Ok, so I found this site where people make there own animation and games and whatnot and found this set of videos from this one user and I have to say they are BRILLIANT! If you've ever been involved in interracial relationships or had a relationship where other people thought you shouldn't be with your S.O., this is most definitely for you. It's called *There She Is!!* and you have to go from the 1st step to the fourth and the last one, which I can't wait for, comes out in December. The story in my opinion is just beautiful and when I watched the fourth step, I almost cried. 

Seriously this is a must see and I have to throw in that the music(even though I can't understand it) is awesome and fits each step. I figured you guys would appreciate this as much as I did.

*There She Is!!




*


----------



## Dreamergirl3 (Nov 8, 2008)

aw that was beyond cute! The music was rad, too.

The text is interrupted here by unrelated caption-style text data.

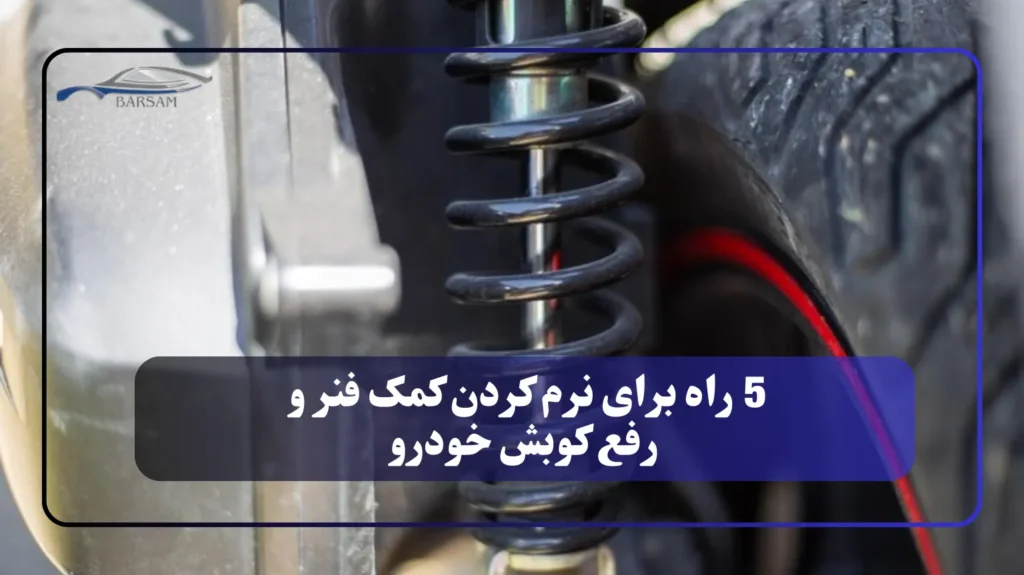 5 راه برای نرم کردن کمک فنر و رفع کوبش خودرو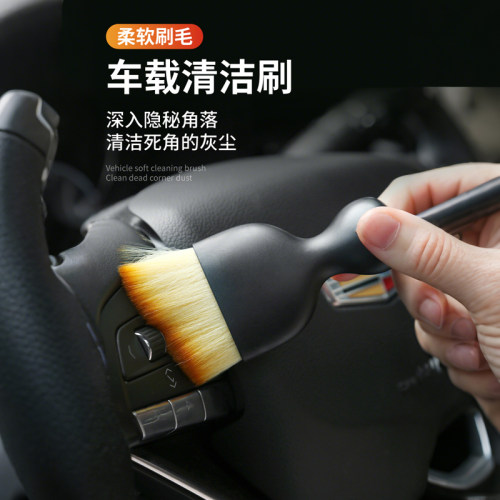 车载内饰扫灰尘软毛刷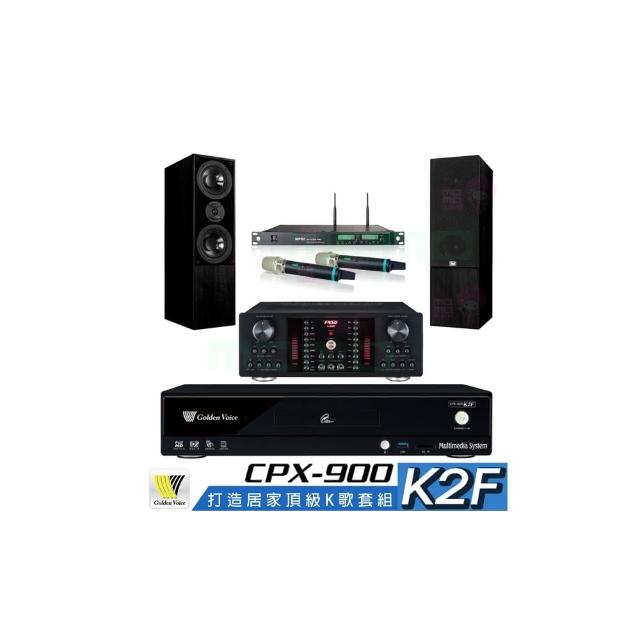 【金嗓】CPX-900 K2F+FNSD A-480N+ACT-8299PRO++DM-835II 黑(4TB點歌機+擴大機+無線麥克風+喇叭)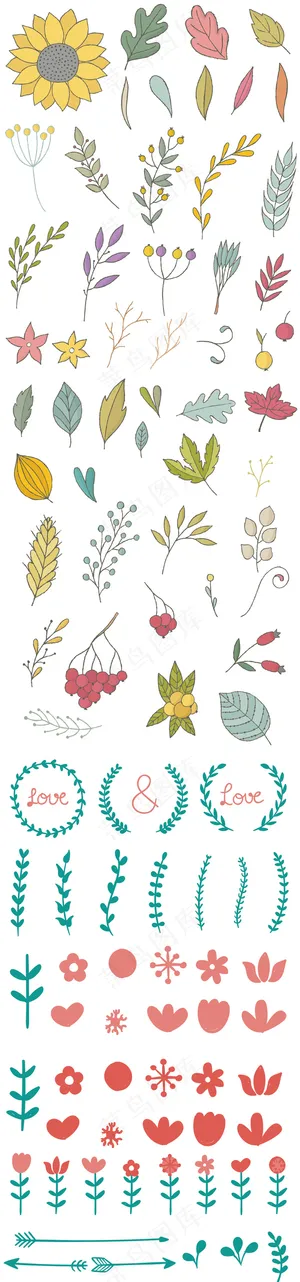 卡通插画花朵树枝装饰素材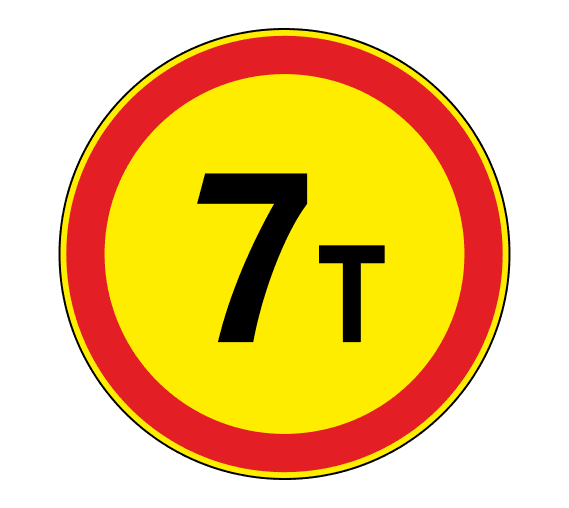 Знак 3.11 Ограничение массы (Временный)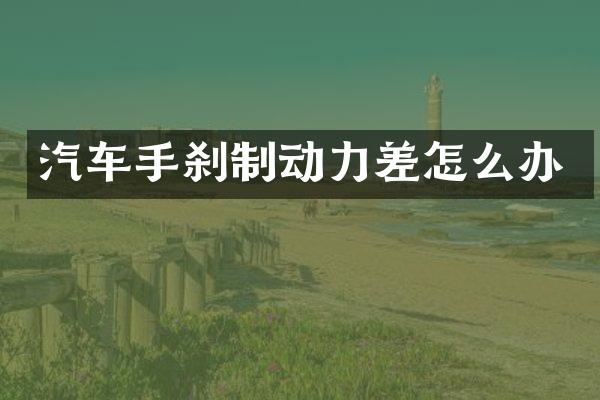 汽车手刹制动力差怎么办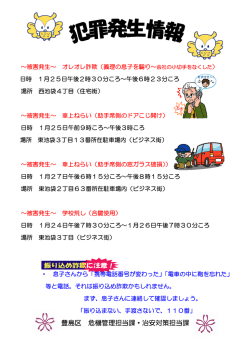 （平成27年2月5日発行）（PDF：325KB）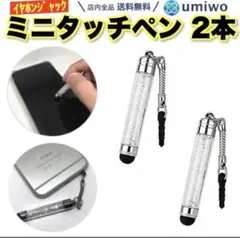ミニタッチペン 2本セット 導電シリコン製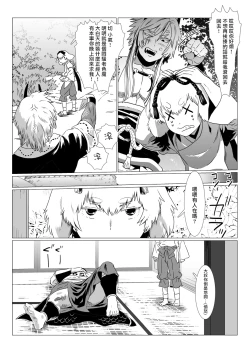 Page 71 of Oni no Mura | 鬼之村1-2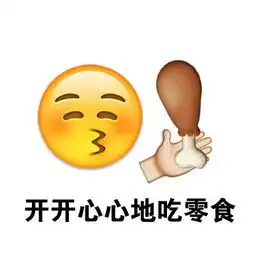 今日爆笑集合听说熬夜会猝死
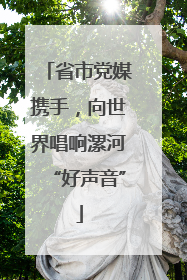 省市党媒携手，向世界唱响漯河“好声音”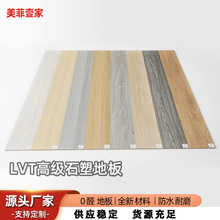 Pvc dry back lvt vinyl plank flooring ��ϩ���ذ����ŷ������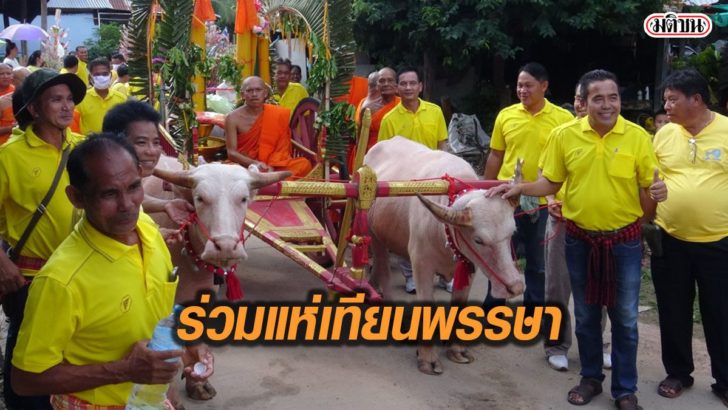 รูปนำมติชน8858555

This is another heart warming animation that I think you'd enjoy! It almost made me cry.
A SHORT LOVE STORY IN STOP MOTION on Vimeo


----------



## PollyRhythm (Dec 14, 2008)

I just saw the last step and I really have to say that this is one of the most beautiful story's I've seen in a long time and I loved the animation as well as the music. I really can't say enough good things about this story and I really recommend for everybody to take the time out and see it. The final step as well as every other step is on their home page under the story "There she is". SamBakZa.net It's in Korean until you click on the English link.


----------